**TASK OBJECTIVE:**
Exclude the pictures and reproduce the remaining data exactly as written.

┌─ AVAILABLE DATA

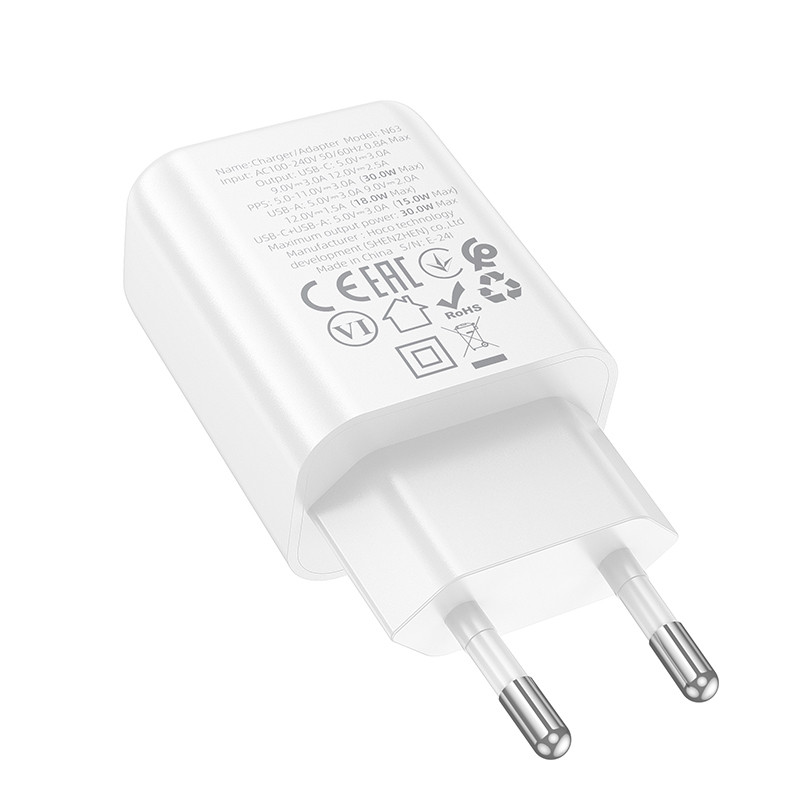 Мережевий зарядний пристрій Hoco N63 Gentle PD30W+QC3.0 (1USB-A/1C) + кабель Type-C to Type-C - Зображення 4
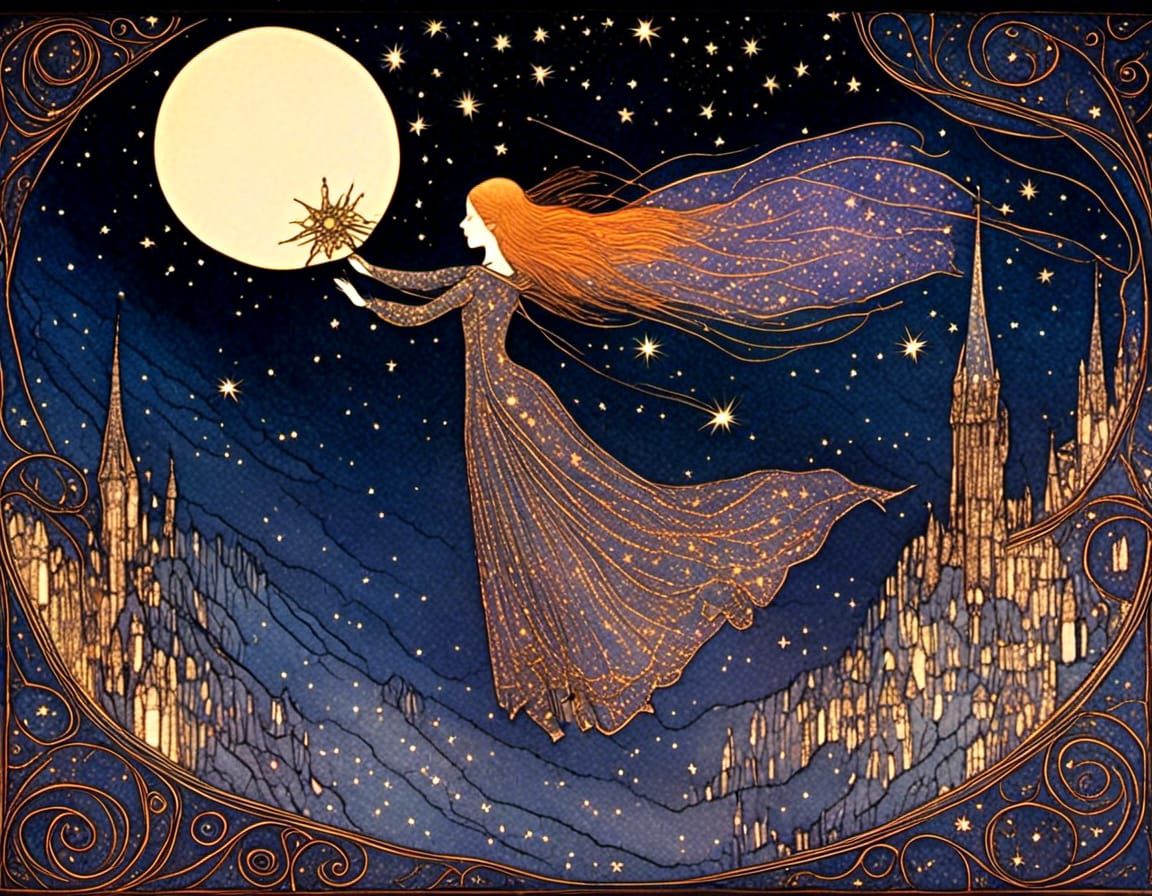 Shooting Star Storybook Illustration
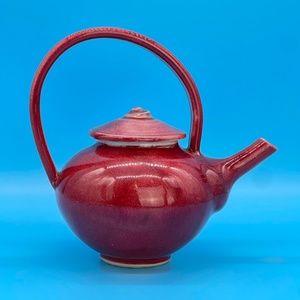 Studio Art Pottery Red Glazed Teapot with Lid Dramatic Handle 9” Tall Signed Lee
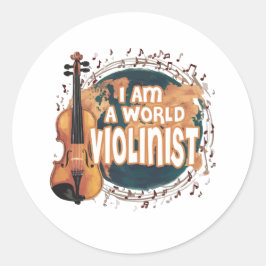 violinist world runder aufkleber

└─

**RESULT FOR THIS EXERCISE:**
 Мережевий зарядний пристрій Hoco N63 Gentle PD30W+QC3.0 (1USB-A/1C) + кабель Type-C to Type-C - Зображення 4
 Shooting Star Storybook Illustration
 Studio Art Pottery Red Glazed Teapot with Lid Dramatic Handle 9” Tall Signed Lee
 violinist world runder aufkleber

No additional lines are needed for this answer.